Foi ali no caminho, quando éramos dois num ford ka, que tive o primeiro lampejo existencial e me dei conta de que estava atravessando uma noite absolutamente vazia e sem sentido ao fim da qual minha vida não haveria mudado nem um milímetro, apenas minhas roupas teriam um terrível cheiro de cigarro. Será que eu estaria atravessando uma vida absolutamente vazia e sem sentido?
A festa de fato existia e havia umas dez pessoas -- que há uns dez anos atrás eu chamaria de “uns dez adultos” -- conversando. A dona era simpaticíssima e quando vi estava na cozinha diante de um prato de peru, arroz amarelo e umas panquequinhas que não consegui descobrir do que eram, mas comi umas quinze.

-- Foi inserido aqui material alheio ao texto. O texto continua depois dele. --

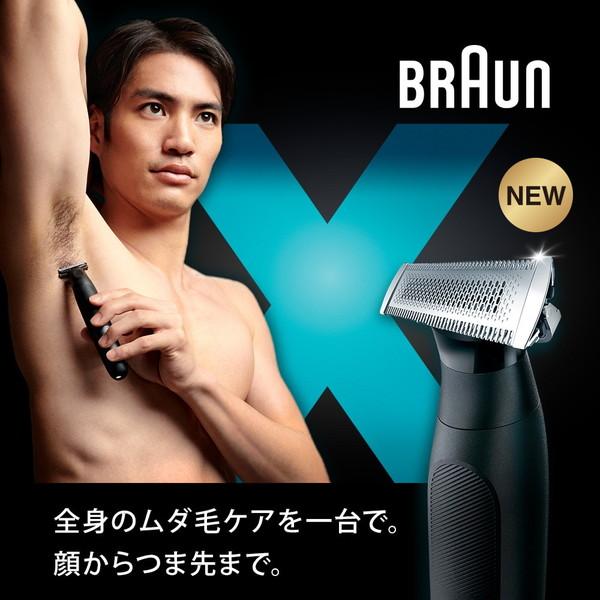 BRAUN XT5300 ブラック/グレーメタル ボディ&フェイス グルーマー PRO X (充電式)｜aprice｜03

Quando você se vê numa cozinha desconhecida comendo panquequinhas e peru às cinco e meia, acha que a vida às vezes pode ficar bem estranha. Talvez por isso não se importe em participar, com sete desconhecidos (um deles, um garoto de uns nove anos), da dança das cadeiras, ao som de Rita Lee. O dia amanheceu, o moleque ganhou, eu fui para casa e pensei: afinal, o que eu quero com isso tudo? São sete da noite e, sinceramente, ainda não sei.
Agora com licença que, como eu ia dizendo, tenho que escrever o romance.